「多所属で無所属」が、軽やかに生きる秘訣

 どんなに価値観の合う友人も、一緒にいる時間が長くなればなるほど摩擦は起きやすいもの。また一つのコミュニティーにずっと所属していると、どうしても視野が狭くなりがちです。

 私自身、会社員時代に、ある強力な権力を持った先輩に嫌われたことで、「もうここでは生きていけないかもしれない」と思い詰めたことがありました。実際、仕事上で不利になるようなことも何度もされて、当時は毎日「どうやったら関係を修復できるのだろうか」と考えて眠れませんでした。けれどその後、他業界に転職したところその先輩を知っている人は一人もおらず、気持ちが楽になったのを覚えています。
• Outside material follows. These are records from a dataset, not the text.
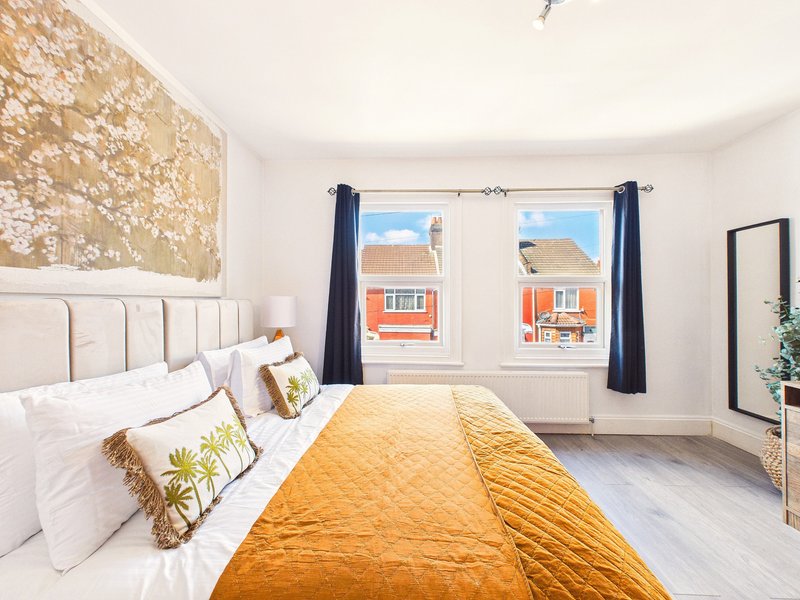 Bright bedroom with white panelled bed, yellow bedding, decorative pillows, and windows overlooking residential street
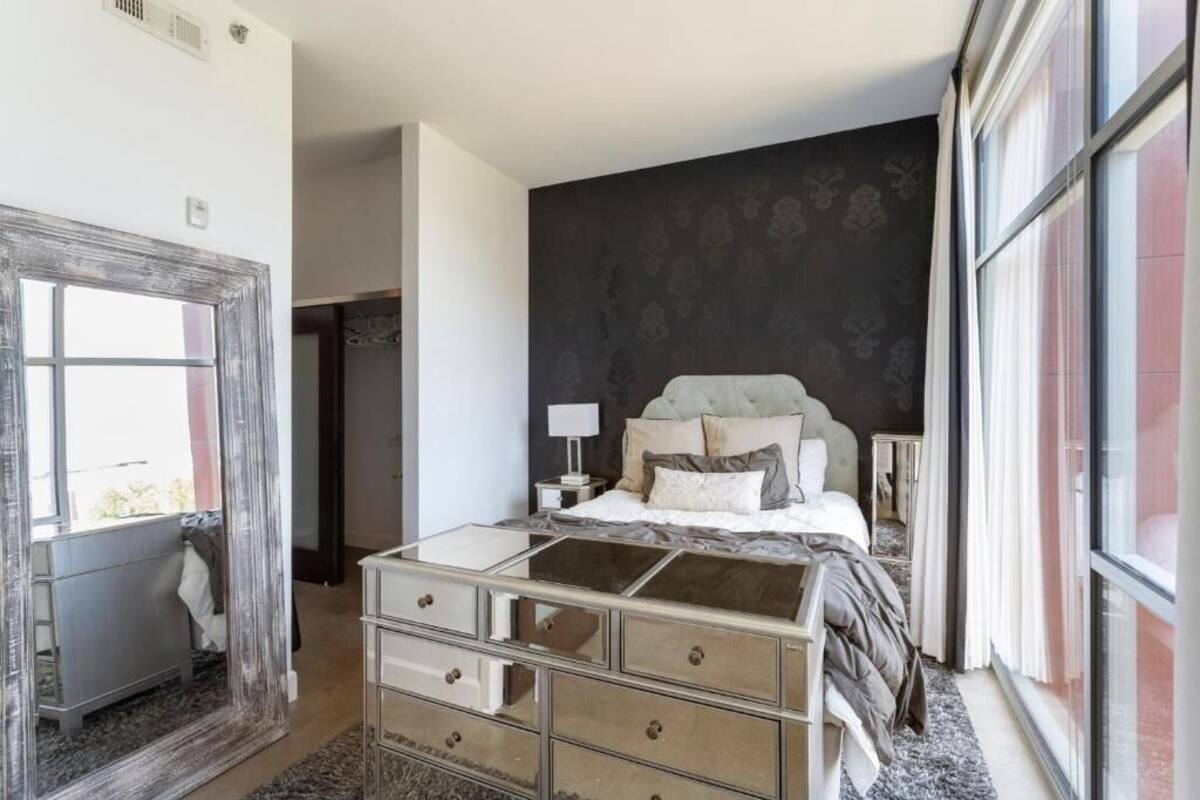 A bedroom with a large mirror, a bed with multiple pillows, a nightstand, and a dresser.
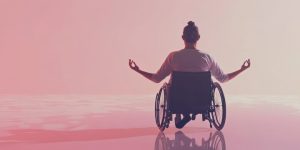 person in wheelchair doing yoga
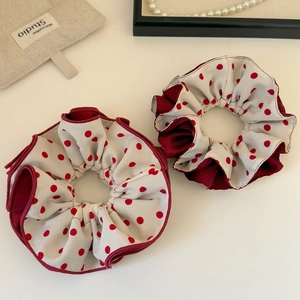 Vintage red polka dot scrunchies in cream satin with dark red fabric trim on neutral base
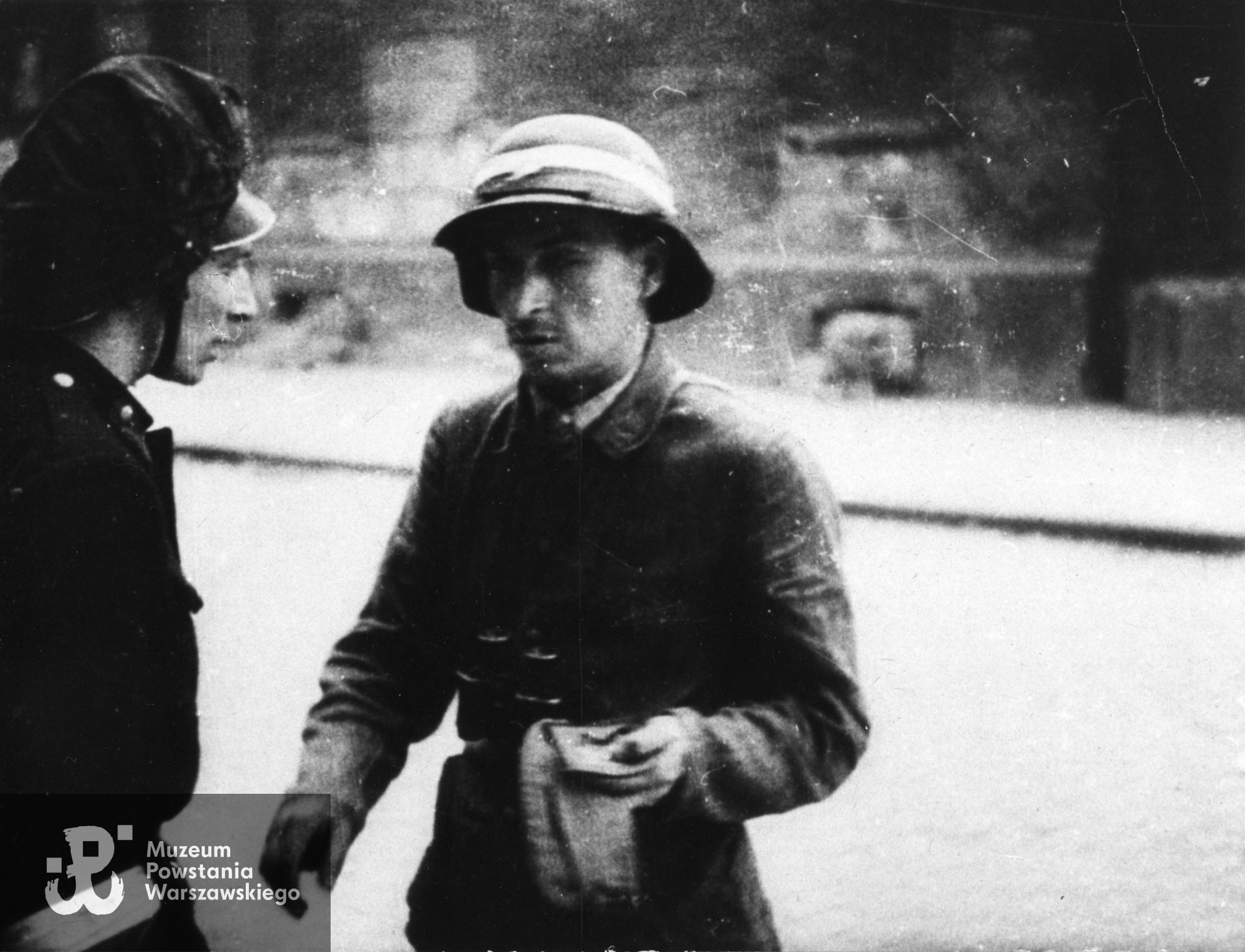 Powstanie Warszawskie, około 15.08.1944 r. Fotografia filmowa z powstańczej kroniki. Śródmieście Północne. Kpt. Wacław Zagórski "Lech Grzybowski" - dowódca II batalionu w Zgr. "Chrobry II" pomiędzy ul. Ciepłą a Placem Grzybowskim z korespondentem BIP KG AK. Na głowie kpt. Zagórskiego charakterystyczny hełm niemieckiej ochrony przeciwlotniczej. Fot. ze zbiorów Muzeum Powstania Warszawskiego, sygn. MPW-IK/1926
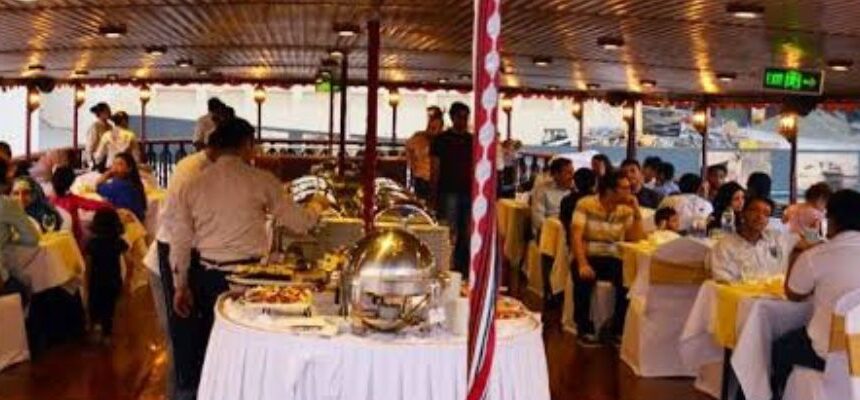 Dhow Cruise sailing on Dubai's waters at sunset.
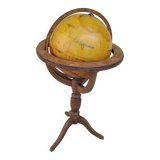 Old terrestrial globe world map on wooden stand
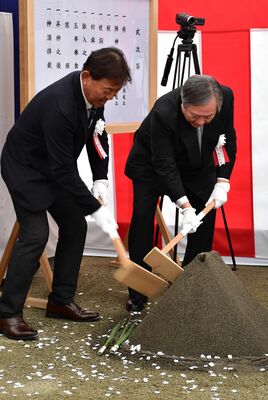くわ入れをする高木邦格理事長（右）と鈴木康裕学長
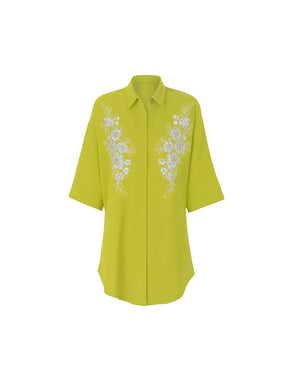 Yellow blouse with floral embroidery on a white background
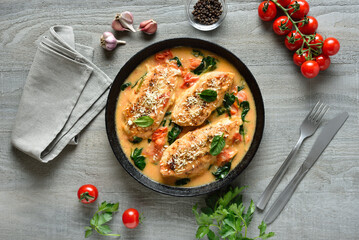Chicken breast in creamy sauce with tomatoes and spinach in pan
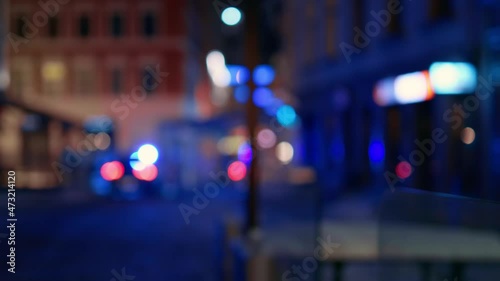 Wallpaper Mural Police car or ambulance moving along city streets with flashing siren lights Torontodigital.ca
 一つの場所だけに依存していると自分の世界が狭小になり、結果、常に人間関係に失敗することにおびえたり、プレッシャーを感じやすくなってしまうと思うんです。

 そこでおすすめしたいのが、「無所属」でいること。

 ここで言う無所属とは本当にどこにも所属していないという意味ではなく、いろんなコミュニティに所属している結果、どのグループの色にも染まらないという意味での「無所属」です。

 例えば会社以外にスポーツのサークルやご近所の仲良しグループ、趣味の仲間など複数のコミュニティーに所属することで、どこかで受けたストレスを発散できますよね。また、あるコミュニティーでトラブルを起こしてしまったとしても、他に所属しているグループが複数あれば、問題を深刻化せずに済むはずです。

 そういった意味では、ネット上のコミュニティーサービス「オンラインサロン」もおすすめです。私も一つサロンを運営していますが、こういった会員制のサイトは体温のある交流ができる一方で、嫌になったらいつでもやめられる気軽さもある。そのため人間関係にプレッシャーを感じることもないですし、義務などもなく、自分の好きな深さでコミュニティーに依存できるので、コミュニケーションに自信のない人にとっては練習の場にもなると思います。こうして「いつでも自分の意志次第で離れられるけど心地いい関係」を複数持っておくことが、自分自身を楽にする方法ではないでしょうか。